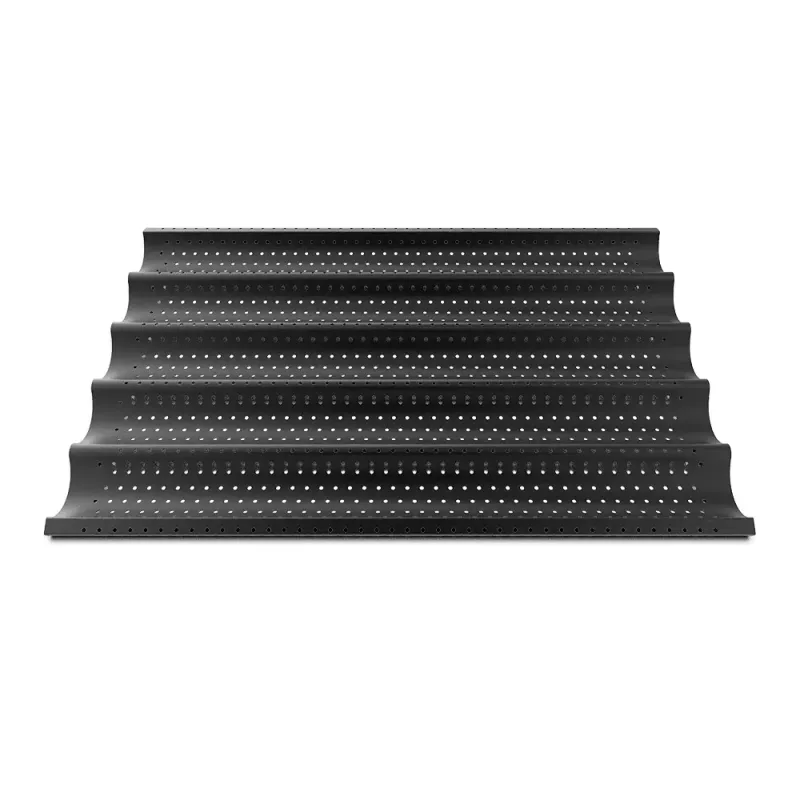 Commercial tray 60x40cm FORO.BAGUETTE.BLACK UNOX TG435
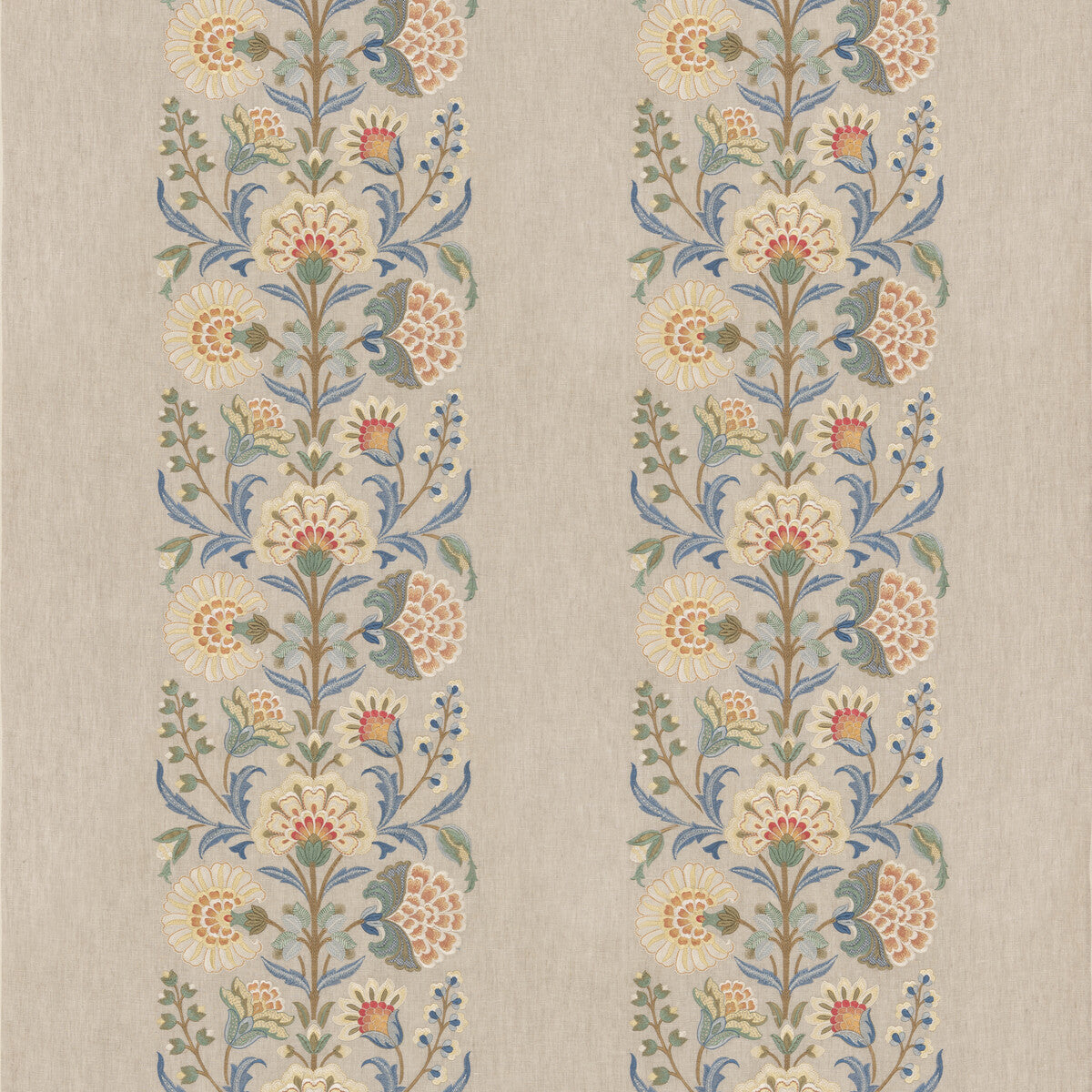 Annesley fabric in blue color - pattern BF10997.1.0 - by G P & J Baker in the Original Brantwood Fabric collection
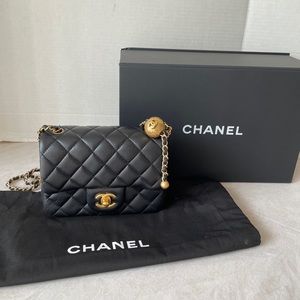 CHANEL Flap Bag Mini 23K Pearl Crush AS1786B02916 *Super Rare*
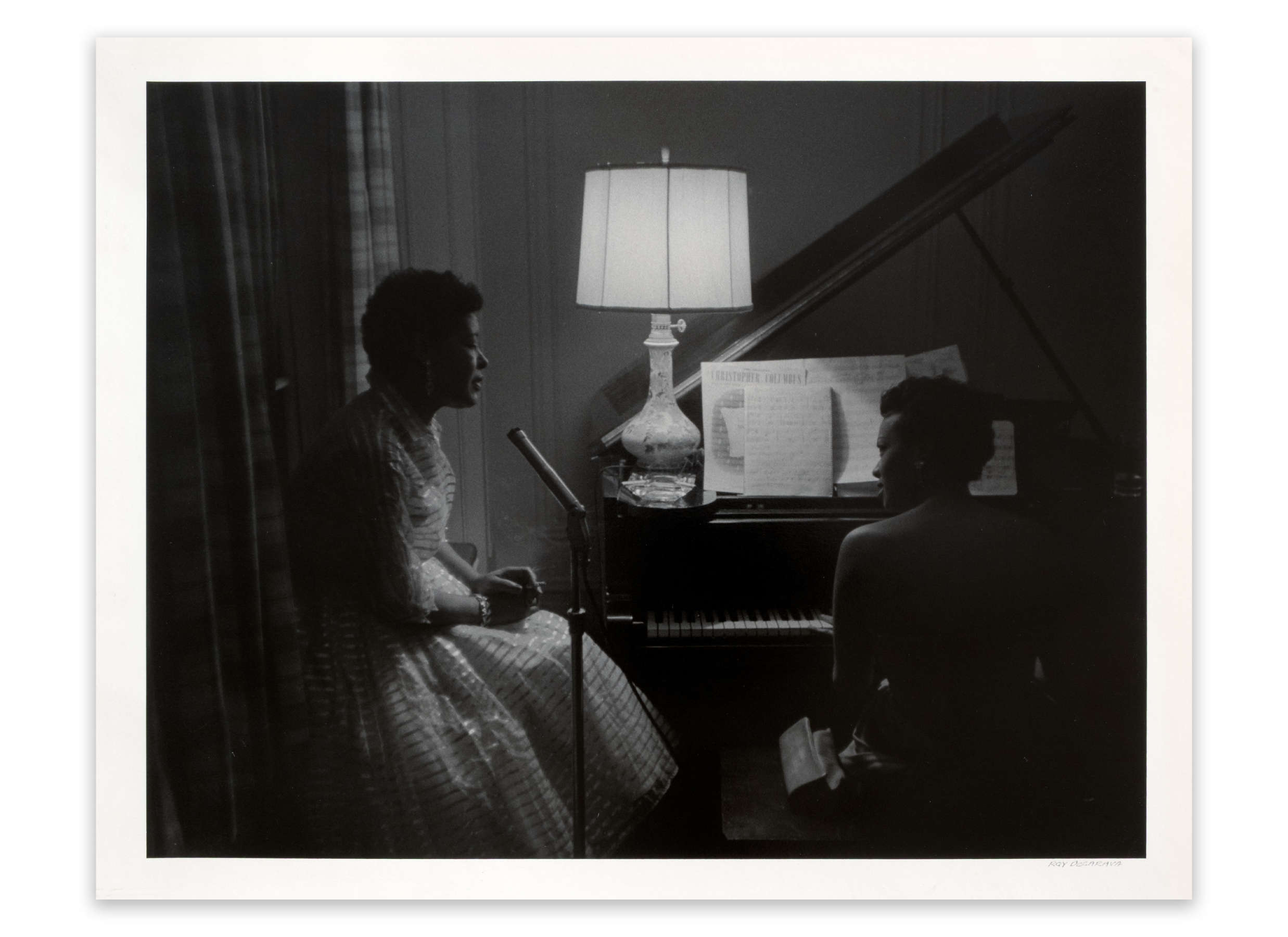 Billie Holiday and Hazel Scott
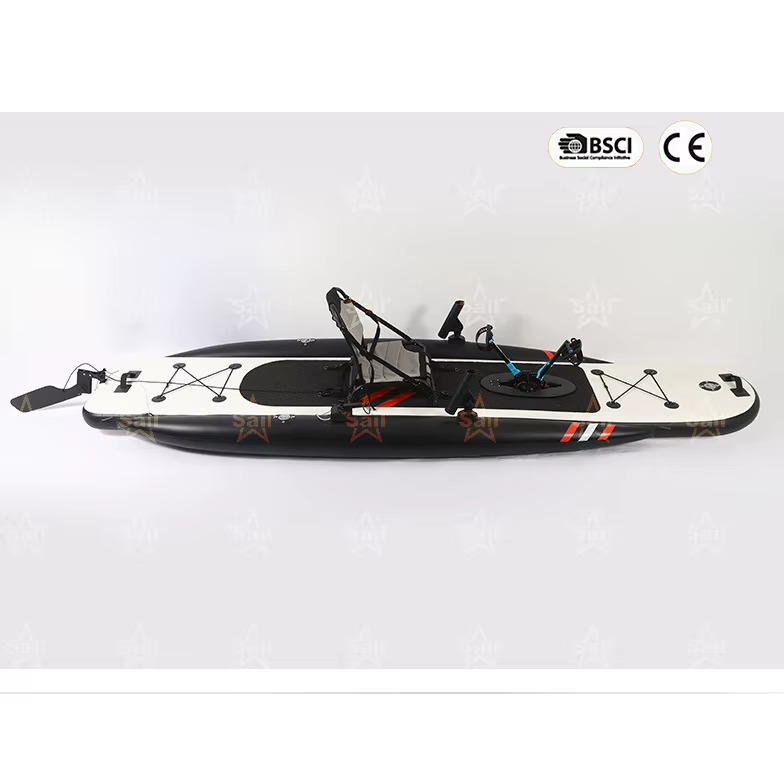 Fishing Kayak Sit On Top - Заводской надувной педальный каяк для рыбалки
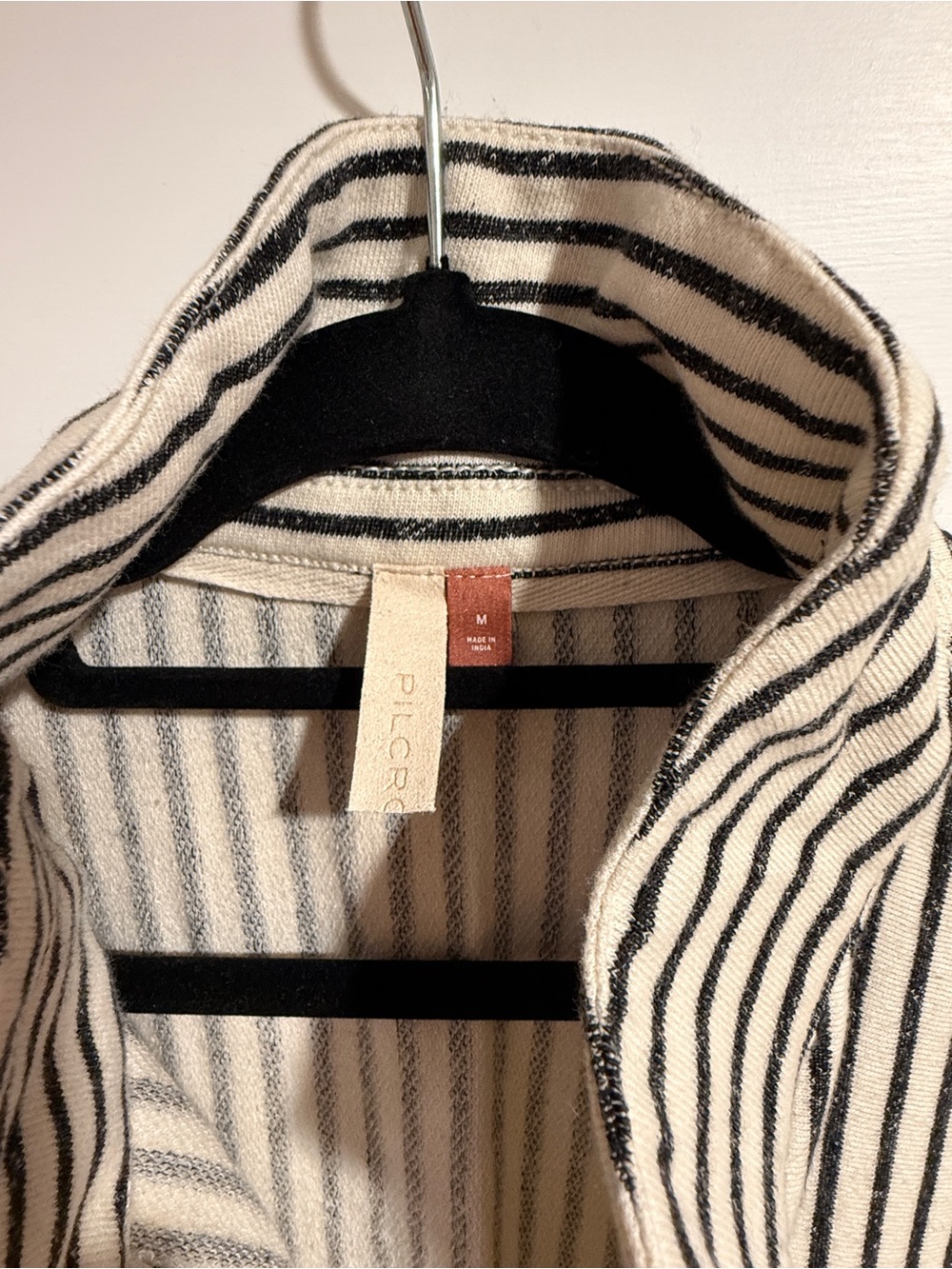 Anthropologie (Pilcro) Black & White Striped Lightweight Top, Size Medium - Picture 2 of 3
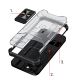 6. Crystal Ring Case Kickstand Tough Rugged Cover for iPhone 13 Pro Max black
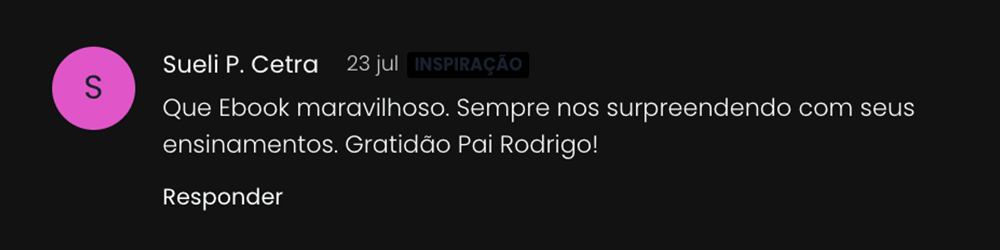 Depoimento Ebook Guia de Frente 02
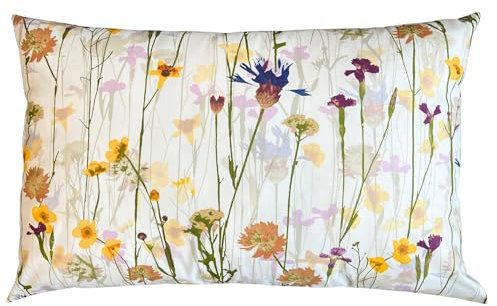 HOUSE ART LIFE Kissenbezug 40x60 cm – 100% Baumwolle, weich & atmungsaktiv, mit Reißverschluss, ideal zum Schlafen, für Bett & Schlafzimmer, pflegeleicht, ohne Füllung | Viele Bunte Muster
▬▬▬
▸ **YOUR GOAL**: The response must repeat exactly the lines above from the one with "Annesley fabric in" through the one with "Fishing Kayak Sit", including both, and must contain no pictures and no other text.

▸ **YOUR RESPONSE**:
 Annesley fabric in blue color - pattern BF10997.1.0 - by G P & J Baker in the Original Brantwood Fabric collection
 CHANEL Flap Bag Mini 23K Pearl Crush AS1786B02916 *Super Rare*
 Billie Holiday and Hazel Scott
 Fishing Kayak Sit On Top - Заводской надувной педальный каяк для рыбалки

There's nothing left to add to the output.